いとこ違いの山口明人(やまぐちあきと)。
彼は、自転車を降りて、私に話しかけてきた。
「やぁ、華(はな)ちゃん!」
私は、華恋なのに、彼は、私のことをなぜだが昔からそう呼ぶんだ。
「今さー。華ちゃんの文化祭行ってきたよ」
「えっ!あー、確認しにまた行ったんだね」
確認とは、私と彼の間だけ通じる言葉で彼は、いかに自分がモテるか確認するため、あらゆる学校の文化祭に顔を出すの。

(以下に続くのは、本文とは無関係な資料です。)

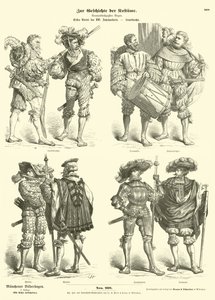 Landsknechte alemão, início do século XVI de German School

彼は、甘い顔立ちで生まれ持った茶色のサラサラヘアーで薄い茶色の瞳で白肌の子だった。
「どうだった? また、いっぱい声掛けられた?」
彼は、少し心配そうな顔をした。
「華ちゃんさー。足悪いの?」
「なんで?」
「辛そうに歩いてたから。おじさんとかおばさんとかには、言ってないの?」
「うん。自分でも、なんでこんな歩き方しかできないのかわからないし……それよりも、さっきの続き! どうだったの?」
私は、そう言って話をはぐらかした。
そうか。
いつも近くにいると、変化がわからないんだ。
彼とは、長い間、会ってなかったから、気づかれちゃったんだな。